An article at the time in one of the broadsheets said that while the world went through ‘convulsive’ changes the Codgers remained in ‘a pre-war era redolent of flat caps, allotments,racing pigeons and Woodbine cigarettes…’ There was a bit of protest when it was axed but considering that the Codgers were receiving a 100 letters a day it was fairly muted. They often referred to their legendary Little Black Book that  claimed to contain ‘all information known to man.’ In the days of the web most of the questions that readers sent it could now be very quickly answered. Google is now ‘the little black book.’  The questions were often sent it to settle arguments ‘down the pub’. The most common question in the latter period of the Codgers was whether Stan Laurel was Clint Eastwood’s father. The Codgers research showed he was not. Below are two fairly typical Codgers answers to questions on  ‘Slippery Wednesday’ and the origin of the phrase ‘Mad as a hatter.’

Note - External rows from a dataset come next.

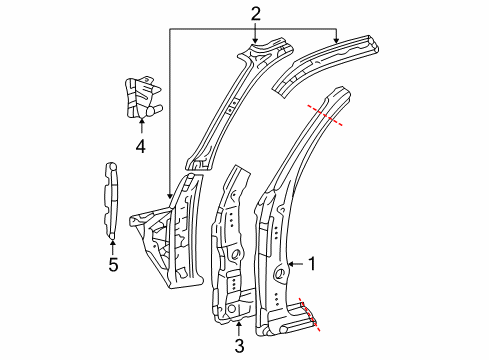 1997 Toyota Tacoma Hinge Pillar Diagram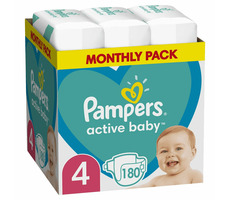 Pampers Active Baby Monthly Pack (180 ks) / Plienky / Veľkosť 4 (9-14 kg)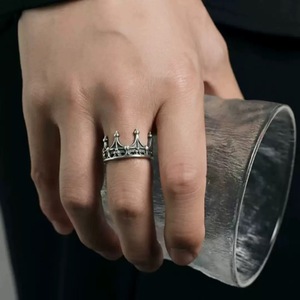 Anello in Argento Sterling Stile Gotico con <span class=keywords><strong>Corona</strong></span> a Mille Foglie per Uomo e Donna; Gioiello Anello Coppia <span class=keywords><strong>Corona</strong></span> Scura Retrò Americano - Product Image 2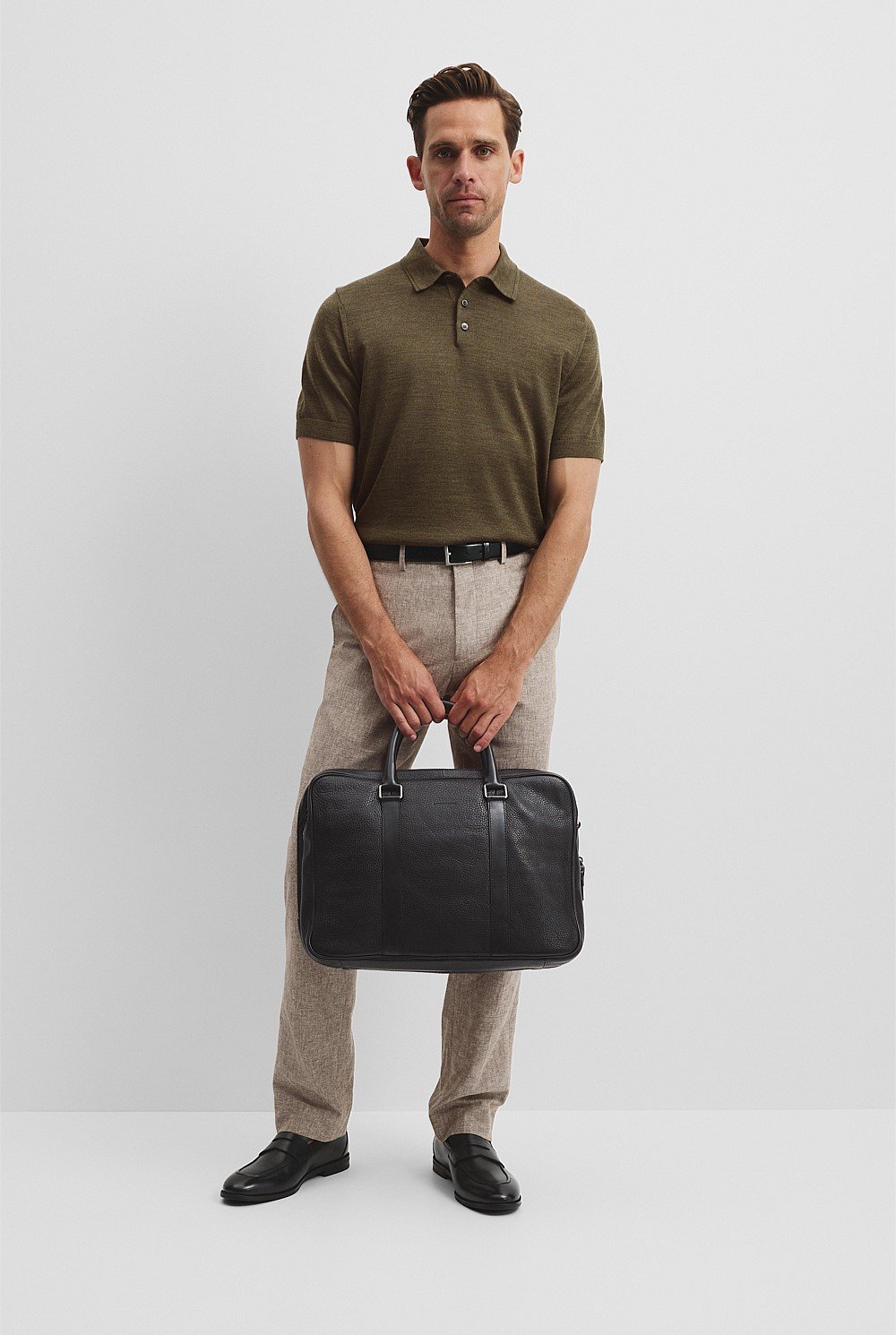 Short Sleeve Australian Merino Button Knit Polo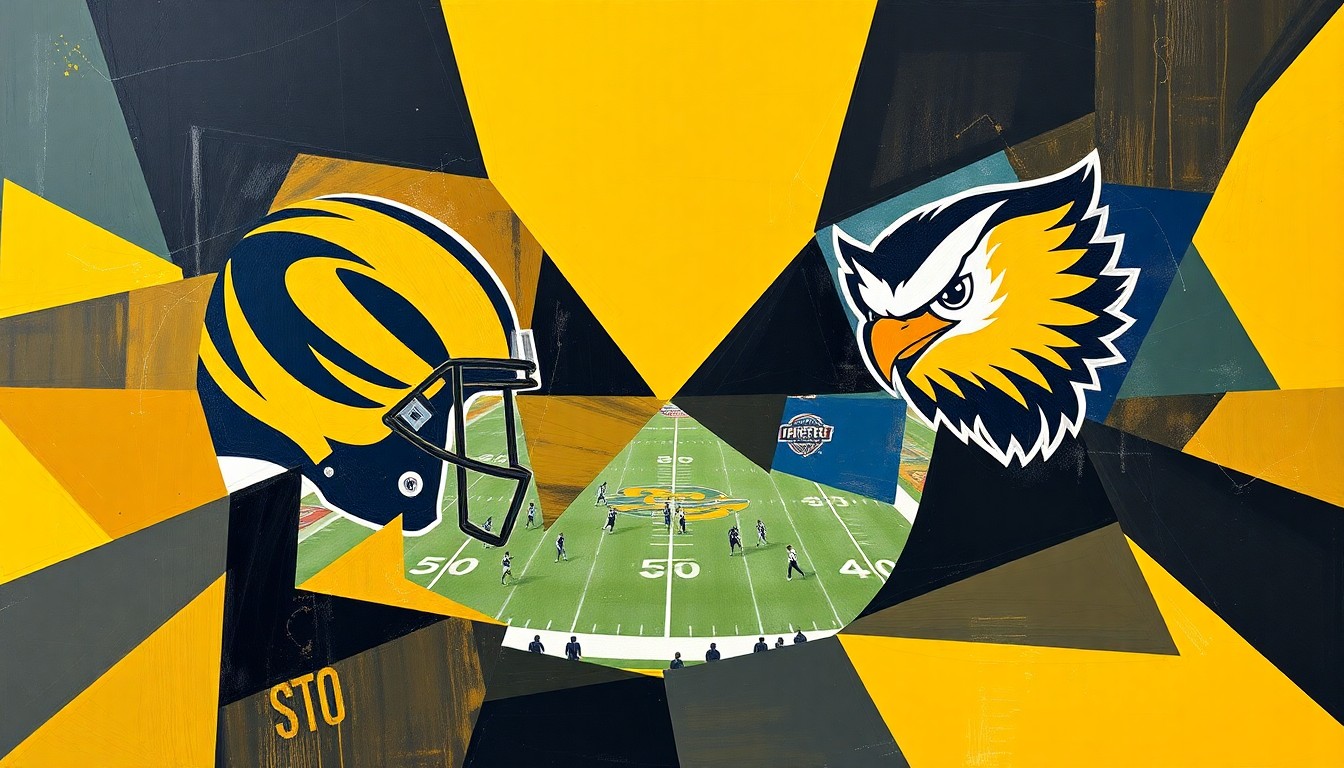 A cubist, geometric painting depicting a college football game between two teams, with the players and field broken down into overlapping angular shapes in navy blue, gold, black, and gold colors.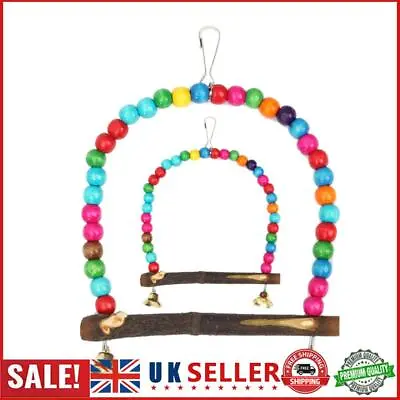 Wooden Bird Swing Toys Parakeet Cockatiel Lovebird Budgie Cage Hangi GB • £4.99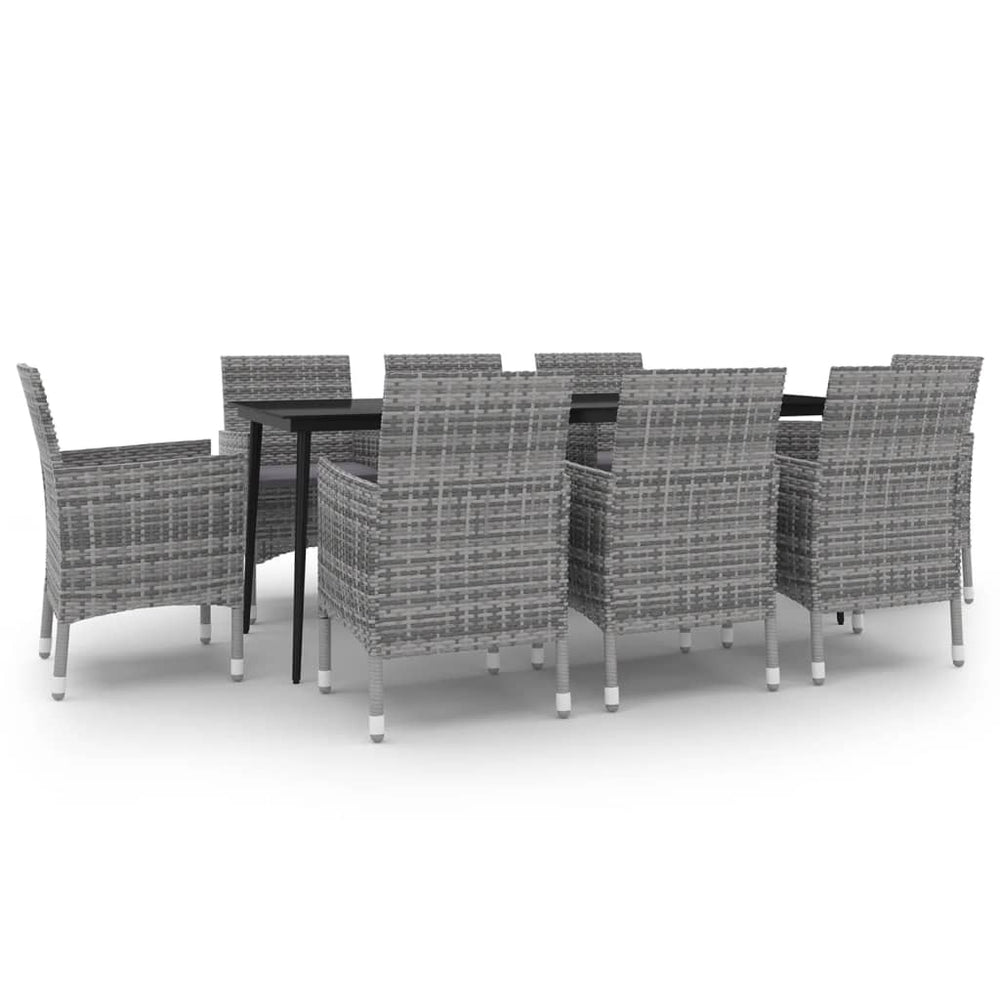 vidaXL Ensemble de salle à manger de jardin 9 pcs avec coussins, résine tressée et verre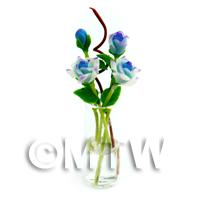 4 Miniature Long White And Blue Roses in a Glass Vase 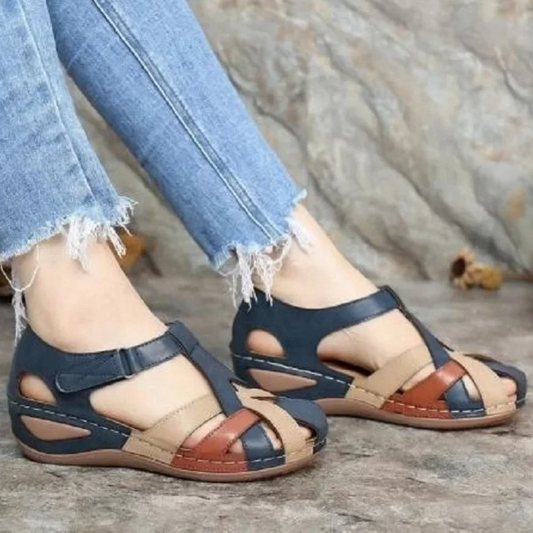 Zomerbries damessandalen donkerblauw-bruin casual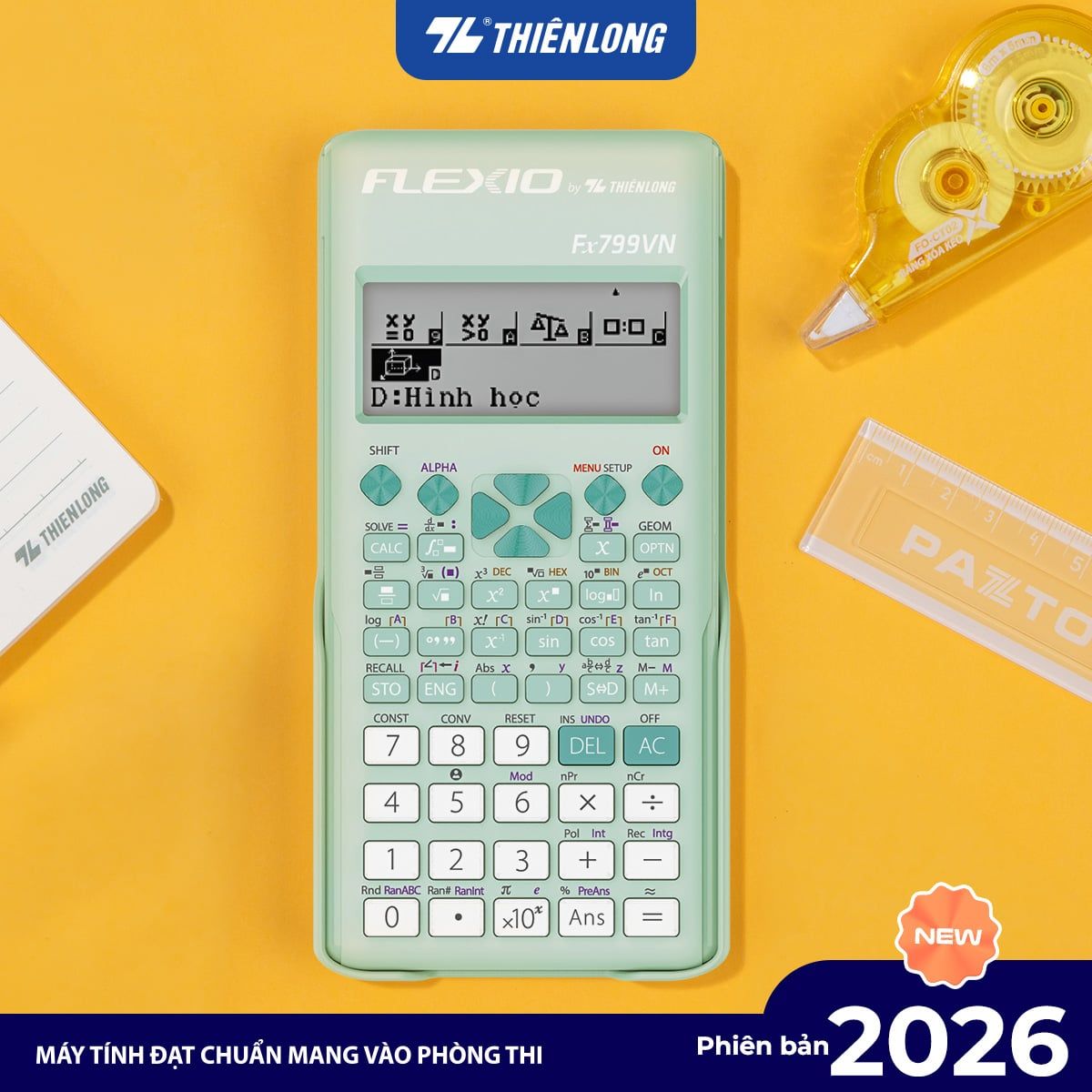 Máy tính Thiên Long Flexio Fx799VN bản mới nhất năm 2026 (bản mới bổ sung tính năng hình học không gian)
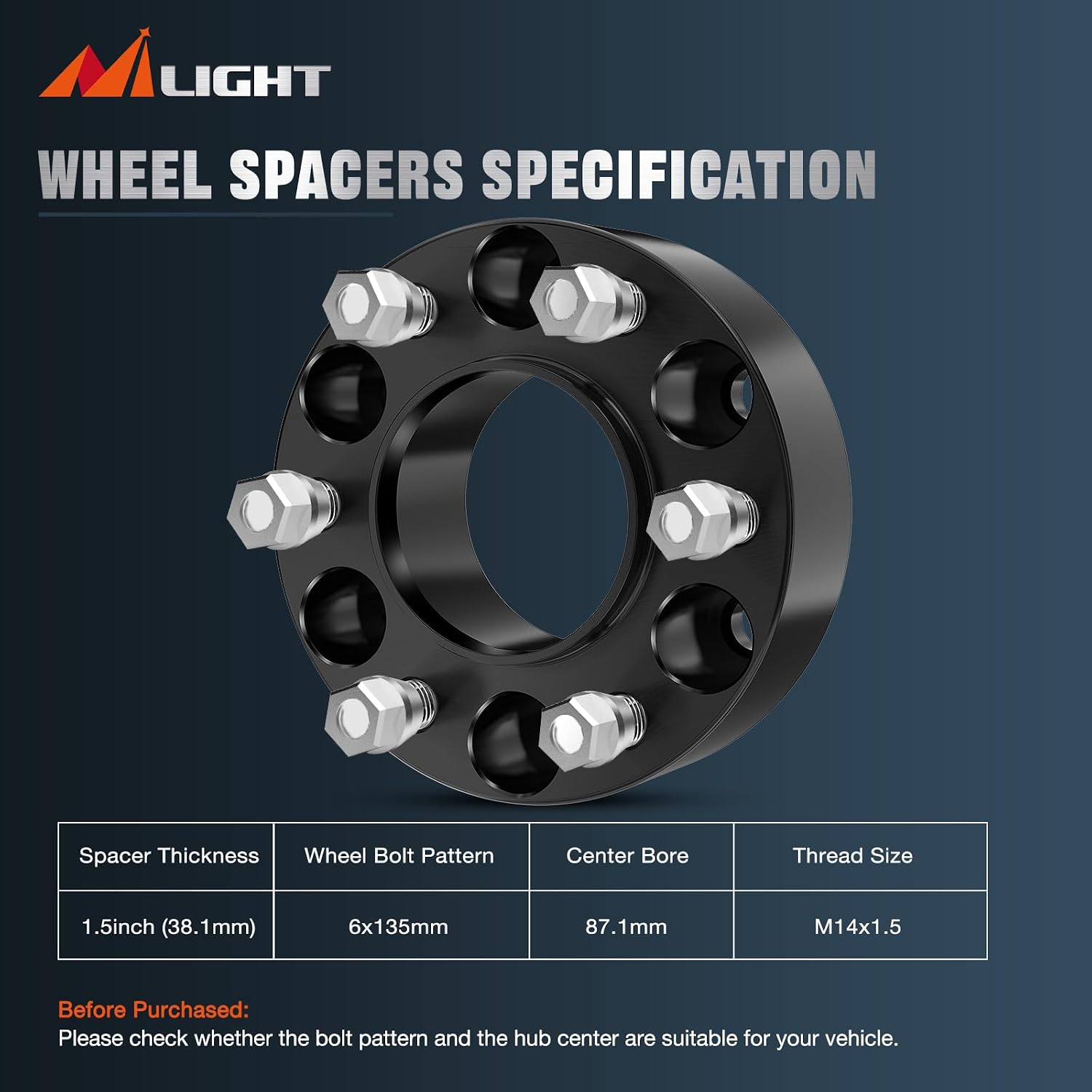 Nilight 6x135 Wheel Spacers for 2015-2022 Ford F150,1.5inch Wheel Spacers M14x1.5 Studs and 87.1mm Hub Bore Compatibility with 2015 2016 2017 2018 2019 2020 2021 2022 Expedition Navigator-4pcs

‘Slippery Wednesday’ is another day that has stuck in older memories because of its dire conditions. A former horse carman recalled how he had to put sacks on his horses hooves and his own feet to get about, and that pedestrians were ‘going down like ninepins’, because of the ice. But he couldn’t remember the exact date, only that it was a Wednesday in the 1920s. We were able to tell him that it was December 21, 1927 when severe frost on overnight rain caused chaos in London and other parts of the country, resulting in thousands of street accidents.

‘Mad as a hatter’ dates from the days when hats were made of felt which was processed by having mercury rubbed over it. The unfortunate men who did the job got mercury poisoning which caused their limbs to shake and contorted their features so that they looked crazy.